The skill reads structured data (CSV, Excel, JSON) or acquires data automatically via the data-base integration when none is provided. It inspects the dataset, runs requested statistical computations or models, generates charts and summary tables, and saves outputs as timestamped files for reproducibility.
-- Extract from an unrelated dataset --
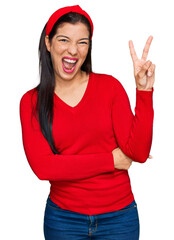 Poster - Young hispanic woman wearing casual clothes smiling with happy face winking at the camera doing victory sign. number two.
Common workflows include descriptive statistics, correlation and regression analysis, financial return and risk calculations, cohort and funnel analytics, and hypothesis testing.

When to use it

  • You need descriptive summaries, distributions, or correlation analysis for a dataset.
  • Calculate financial metrics: returns, volatility, Sharpe, technical indicators.
  • Perform business analytics: growth rates, cohort analysis, funnel conversion, KPI reporting.
  • Run scientific tests: t-tests, ANOVA, regression, and time-series analysis.
  • You want charts and exportable processed data (PNG, CSV, JSON).

Best practices

  • Ensure file names use ASCII-only characters (letters, numbers, underscores, hyphens).
  • Inspect data first: head(), info(), describe(), and check missing values before analysis.
  • Use unique, timestamped filenames for outputs to avoid collisions.
  • Handle missing values and validate statistical assumptions (normality, independence) before inference.
  • Document methods, parameters, and interpretations alongside numeric results and charts.

Example use cases

  • Summarize sales_data.csv and produce monthly growth charts plus a CSV of aggregated results.
  • Compute daily returns and volatility for a stocks.csv time series and save a report with Sharpe and drawdown plots.
  • Run A/B test analysis to compute conversion lift, confidence intervals, and a visualization of results.
  • Perform regression on experimental data to test predictors and export model coefficients and diagnostics.
  • Generate cohort retention tables and funnel conversion rates from user_events.json for product analytics.

FAQ

What file types are supported?

CSV, Excel, and JSON are supported; the skill can also query databases or trigger data acquisition if no file is provided.

What happens if file names contain non-ASCII characters?

You will be asked to rename files to ASCII-only names or the file can be saved/renamed to an ASCII name before processing.

How are outputs delivered?

Outputs include summary tables, charts saved as PNG, processed CSV/JSON, and a markdown report with findings and interpretations.